8. After hearing learned counsel for the respective parties and on perusal of the records, I am of the considered view that the petitioner has been able to make out a case for interference on the following grounds: (I) In the instant case, the petitioner being aggrieved by the impugned order of removal from services dated 04.05.2007 vide Annexure-2 to the writ application, wherein major punishment has been inflicted to the petitioner without resorting to the relevant provisions of the aforesaid rules i.e. Procedure for imposition of Major Punishment and on that score the impugned order of punishment is not legally sustainable. (II) Admittedly, the petitioner is a regular employee having been appointed since 1981 and prior to removal from services he had rendered almost 26 of service from the date of joining till the date of removal from services. During his continuance in service, he has been paid regular scale of pay and time bound promotion has been given to him. If there had any misconduct committed by the petitioner i.e. relating to unauthorized absence, the respondent-Bank would have resorted to proper procedure, prior to the imposition of punishment. Therefore, action of respondents in passing the impugned order of punishment is amenable to judicial scrutiny.
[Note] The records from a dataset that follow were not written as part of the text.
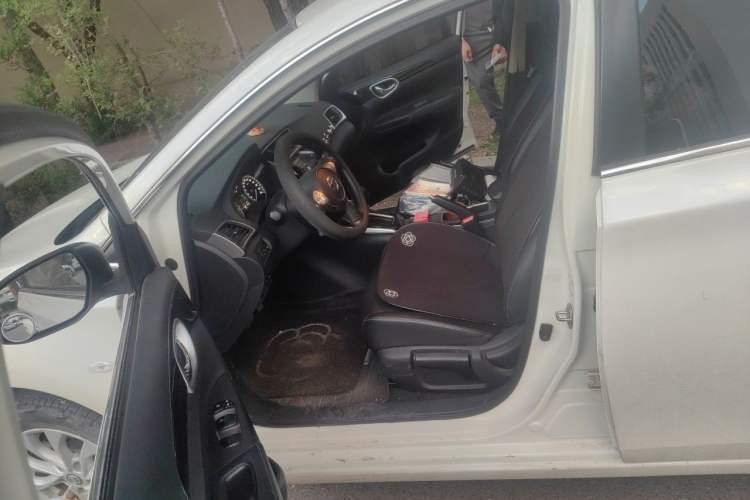 Used Nissan Sylphy 2022 Classic 1.6XL CVT Luxury Edition Left Front Seat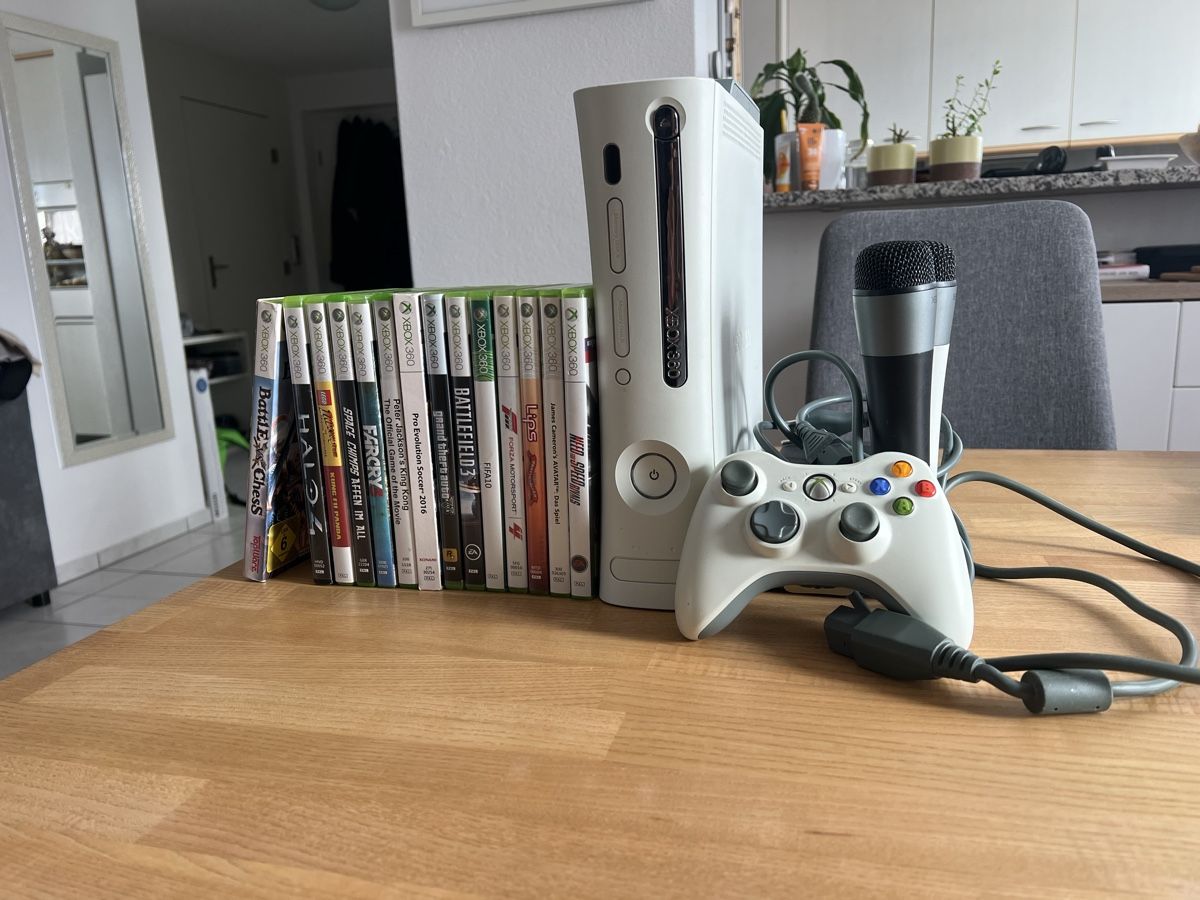 Microsoft Konsolen: Xbox 360 Set: Konsole + Controller + 2x Mikrofone + 13 Spiel – Gebraucht aus Thun von tim_kin187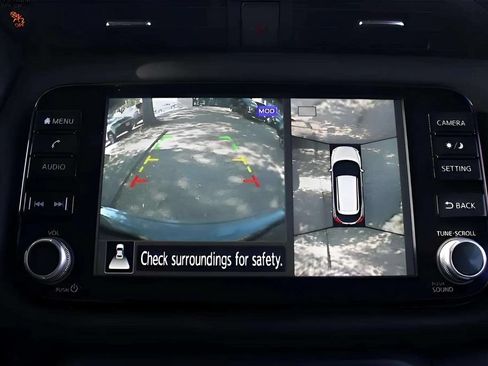 Used 2024 Nissan Kicks SR w/ SR Premium Package FWD image 8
9. In view of the aforesaid facts and as a logical sequitur to the foregoing paragraphs, the impugned order of punishment dated 04.05.2007 vide Annexure-2 being not legally sustainable, is quashed, and the respondents are directed to reinstate the petitioner in services forthwith. However, liberty is reserved to the respondents to initiate a de novo proceeding against the petitioner, if so legally advised, in accordance with law and relevant service rules after affording reasonable opportunity and complying the principles of natural justice.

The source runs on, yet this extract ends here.